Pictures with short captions
-- Opening Marker --

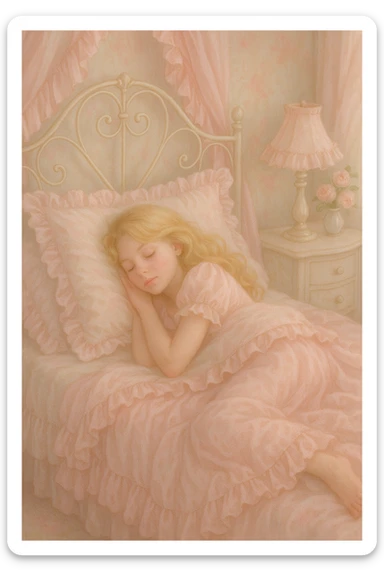 Dreamy scene of a blonde girl sleeping in a frilly baby pink Coquette bed, eyes closed, soft pastel colors, gentle lighting, delicate feminine details sticker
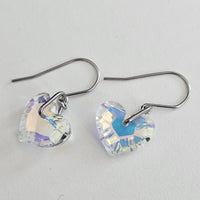 Crystal AB Hearts Stainless Steel  Earrings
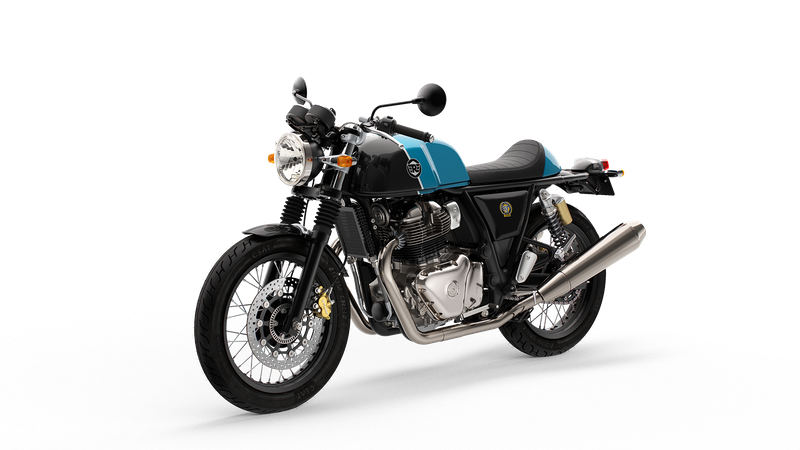 Black and teal vintage-style motorcycle with chrome exhaust and front wheel, isolated on white background.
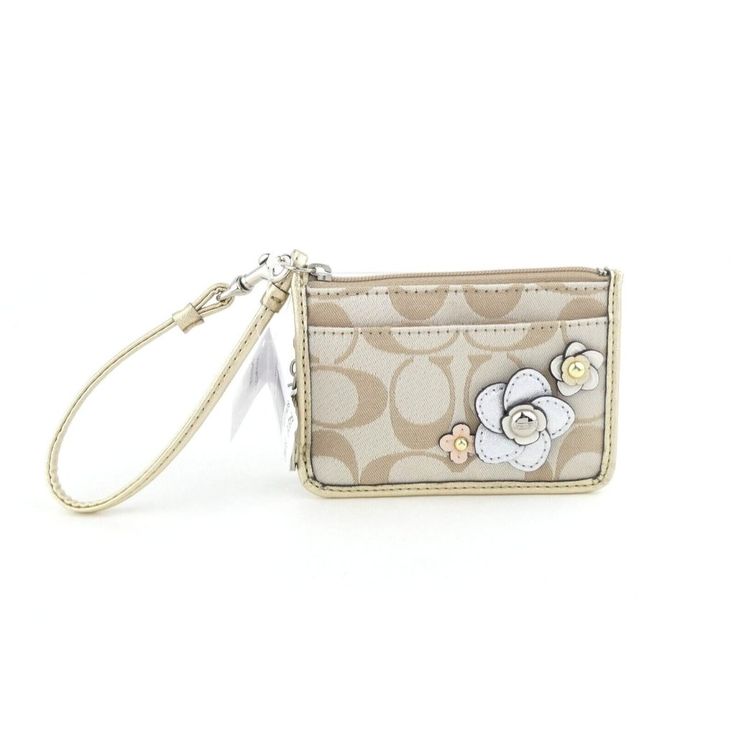 Coach Signature Flower Applique Light Khaki Gold Id Skinny Wristlet Nwt F48761. Please View All Pictures And Zoom In. Item Details: Silver Hardware Zip Closure 1 Id Slot 1 Card Slot 1 Slip Pocket 1 Keychain Pink Lining Sv/Multicolor Style F48761 Approximate Measurements: 4.5"L X 3.25"H. Strap Drop 5"L. Please View Our Other Coach Items For Sale. Questions? Please Contact Us. Thank You For Looking! Keychain Pink, Coach Clutch, Pink Wristlet, Black Satchel, Gold Clutch, Wristlet Purse, Black Clutch, Clutch Pouch, Wristlet Clutch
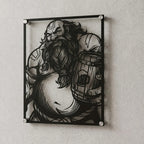 Cuadro decorativo de Gragas de League of Legends en acero cortado a láser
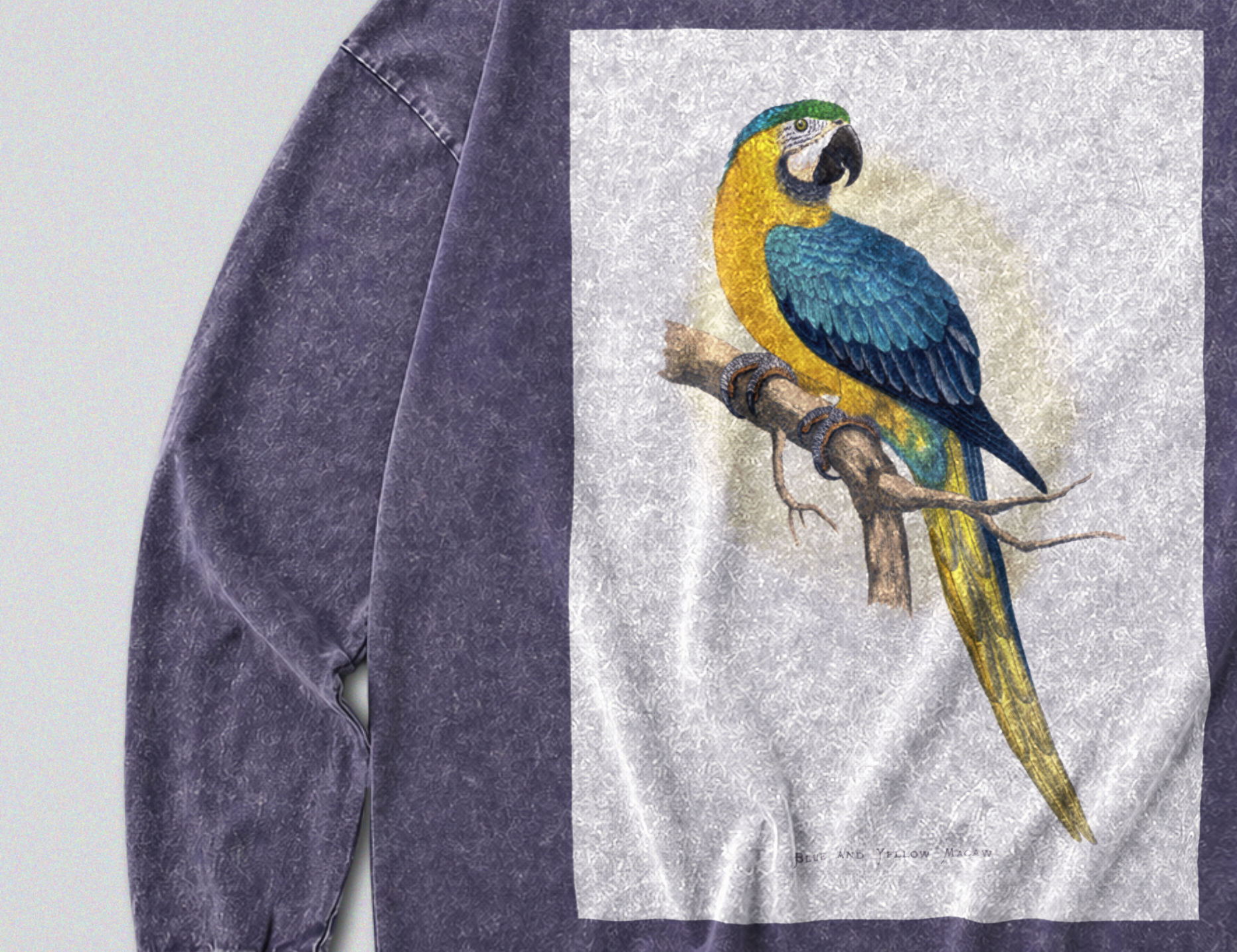 Oversized Snow Washed Long Sleeve Cotton Tee - Blue & Yellow Parrot Print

-- Closing Marker --

Restate each of the entries above word for word and skip every image.

▶ [Reply]
 Dreamy scene of a blonde girl sleeping in a frilly baby pink Coquette bed, eyes closed, soft pastel colors, gentle lighting, delicate feminine details sticker
 Crystal AB Hearts Stainless Steel  Earrings
 Black and teal vintage-style motorcycle with chrome exhaust and front wheel, isolated on white background.
 Coach Signature Flower Applique Light Khaki Gold Id Skinny Wristlet Nwt F48761. Please View All Pictures And Zoom In. Item Details: Silver Hardware Zip Closure 1 Id Slot 1 Card Slot 1 Slip Pocket 1 Keychain Pink Lining Sv/Multicolor Style F48761 Approximate Measurements: 4.5"L X 3.25"H. Strap Drop 5"L. Please View Our Other Coach Items For Sale. Questions? Please Contact Us. Thank You For Looking! Keychain Pink, Coach Clutch, Pink Wristlet, Black Satchel, Gold Clutch, Wristlet Purse, Black Clutch, Clutch Pouch, Wristlet Clutch
 Cuadro decorativo de Gragas de League of Legends en acero cortado a láser
 Oversized Snow Washed Long Sleeve Cotton Tee - Blue & Yellow Parrot Print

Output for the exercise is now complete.